---- Data for this exercise

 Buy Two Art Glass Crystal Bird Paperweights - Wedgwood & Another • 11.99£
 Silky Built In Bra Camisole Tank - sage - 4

--------
---- Data for this exercise

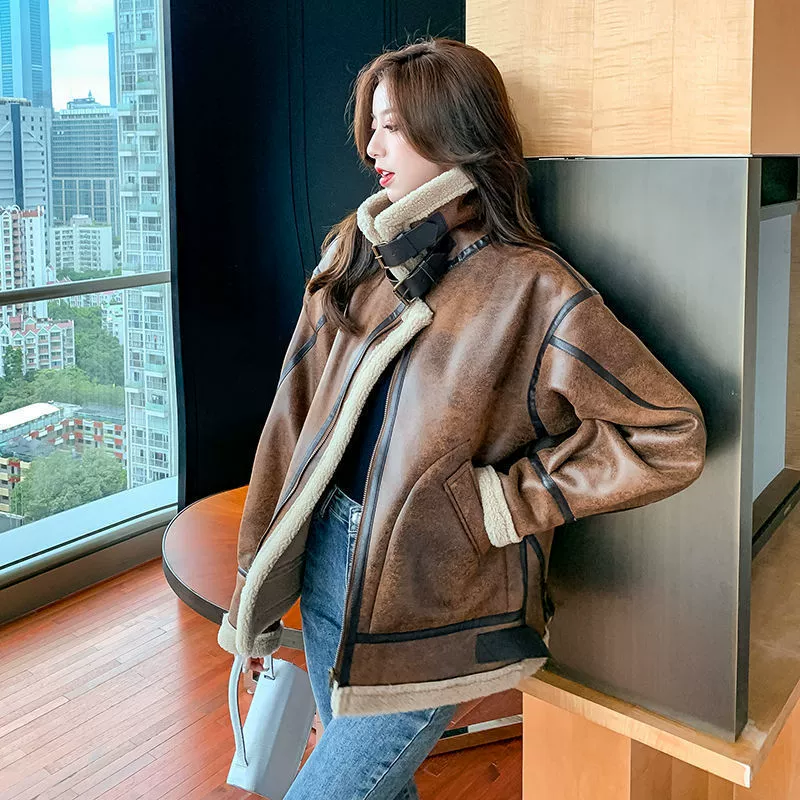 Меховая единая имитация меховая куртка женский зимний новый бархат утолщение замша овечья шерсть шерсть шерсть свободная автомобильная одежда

--------
---- Data for this exercise

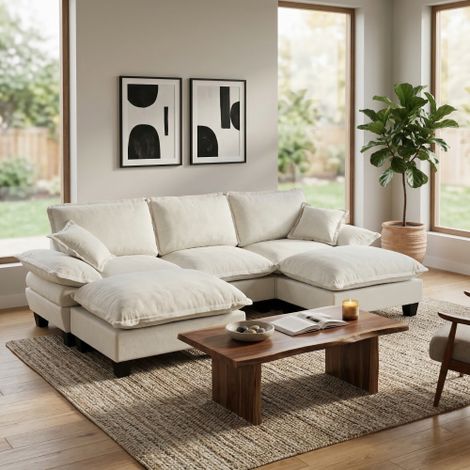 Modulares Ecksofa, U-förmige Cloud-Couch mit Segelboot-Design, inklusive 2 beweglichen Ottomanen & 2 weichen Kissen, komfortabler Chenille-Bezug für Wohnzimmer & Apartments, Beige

--------

■ **Problem**:
Start with the line above that contains "Buy Two Art" and stop after the line that contains "Silky Built In Bra Camisole Tank - sage - 4". Output those lines exactly, and only those.

■ **Answer box**:
 Buy Two Art Glass Crystal Bird Paperweights - Wedgwood & Another • 11.99£
 Silky Built In Bra Camisole Tank - sage - 4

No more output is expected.